Good Golly!

No wonder you turned out in droves to vote in Nicolette Good as this year’s best singer-songwriter. Her voice is pure ear candy. It’s an ethereal thing, one part smoky youth, another part fluorescent wisdom, a dream you just woke up from and are dying to remember. I learned this seeing her perform at Casbeers one chilly Saturday night during the Melissa Ludwig Band CD release party. Good took the stage with her acoustic, her voice, and her sideman Jesse Basham on electric. She filled the church with smoldering alt-country balladry and worked the crowd like it was improv night.

“I owe Houston and I-10 a lot of material,” she said. “This song is called ‘The Mechanic.’ It’s not one you want to play in front of your mother, so thank God she’s busy tonight!”

The next day, Good and I connected “Mechanic” to other pudendal songs of yore (like “Pink Cadillac” and “Little Red Corvette”) on a Starbucks patio. For her, “Mechanic” is a tribute to Alberta Hunter’s campy, bluesy “My Handy Man,” a cornucopia of hilarious sex euphemisms. (ed. Note: We highly recommend you google Hunter’s 1981 performance; it’s adorable and raunchy all at once.)

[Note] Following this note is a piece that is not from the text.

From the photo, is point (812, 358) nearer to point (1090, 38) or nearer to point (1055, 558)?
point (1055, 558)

Then she shifted gears and, by her lonesome, Good played me “Marathon,” inadvertently revealing in her work something most country pickers lack: subtext. The tune is a love letter from a woman to a man, whose mostly pure message is sullied by the song’s eerie chord phrasing. It’s Tammy Wynette’s “Stand By Your Man,” run off the road and wrapped around a tree, in the style of Good’s more contemporary musical idols, Gillian Welch and Neko Case.

Good appears at ease behind the guitar, whether onstage or in a corporate coffeeshop, unfurling double entendres and complicated emotional stories. Stop the music, and Good readily admits it’s harder for her to connect. She says she’s never really been comfortable in social situations, even if the stage is one place where she excels. She’s battled panic attacks for a few years now.

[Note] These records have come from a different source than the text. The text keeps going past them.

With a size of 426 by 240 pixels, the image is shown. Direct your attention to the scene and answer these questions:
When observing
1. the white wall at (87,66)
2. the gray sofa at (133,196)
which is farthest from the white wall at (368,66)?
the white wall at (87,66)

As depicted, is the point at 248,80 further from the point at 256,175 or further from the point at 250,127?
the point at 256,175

“The first major one was in college,” she said. “I was interviewing for a position on `Trinity’s` literary magazine `The Trinity Review`. It was like this; I met the people in a coffeeshop and that was intense.”

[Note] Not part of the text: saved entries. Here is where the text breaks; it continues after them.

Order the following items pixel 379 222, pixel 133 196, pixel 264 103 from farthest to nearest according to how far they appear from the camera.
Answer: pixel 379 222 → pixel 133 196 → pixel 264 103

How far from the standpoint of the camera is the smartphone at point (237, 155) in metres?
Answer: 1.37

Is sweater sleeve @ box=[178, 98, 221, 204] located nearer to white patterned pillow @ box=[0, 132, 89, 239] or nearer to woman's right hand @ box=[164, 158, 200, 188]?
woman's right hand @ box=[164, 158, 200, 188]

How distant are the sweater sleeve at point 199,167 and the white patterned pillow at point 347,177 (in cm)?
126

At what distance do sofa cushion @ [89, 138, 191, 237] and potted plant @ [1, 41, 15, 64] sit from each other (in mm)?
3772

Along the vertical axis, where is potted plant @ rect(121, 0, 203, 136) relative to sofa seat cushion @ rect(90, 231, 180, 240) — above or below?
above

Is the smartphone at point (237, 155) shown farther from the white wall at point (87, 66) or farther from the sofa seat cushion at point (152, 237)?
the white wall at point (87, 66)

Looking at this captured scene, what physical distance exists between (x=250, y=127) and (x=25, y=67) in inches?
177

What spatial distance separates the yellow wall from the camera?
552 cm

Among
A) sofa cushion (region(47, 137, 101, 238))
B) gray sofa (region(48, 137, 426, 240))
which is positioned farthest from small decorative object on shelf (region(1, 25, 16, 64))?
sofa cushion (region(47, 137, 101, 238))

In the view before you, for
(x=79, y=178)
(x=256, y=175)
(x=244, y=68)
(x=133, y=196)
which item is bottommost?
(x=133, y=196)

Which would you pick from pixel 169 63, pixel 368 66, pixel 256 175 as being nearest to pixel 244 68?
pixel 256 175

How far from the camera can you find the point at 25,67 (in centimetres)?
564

And yet, Good has spent the year pursuing one new venture after another. This year, she put out a Craigslist ad to start a band. She registered her music with BMI and attended the 11th Annual Southwest Regional Folk Alliance Conference, taking pointers from fellow Texas folkie Terri Hendrix. She even scored an eight-minute set between talks at the TEDx San Antonio conference.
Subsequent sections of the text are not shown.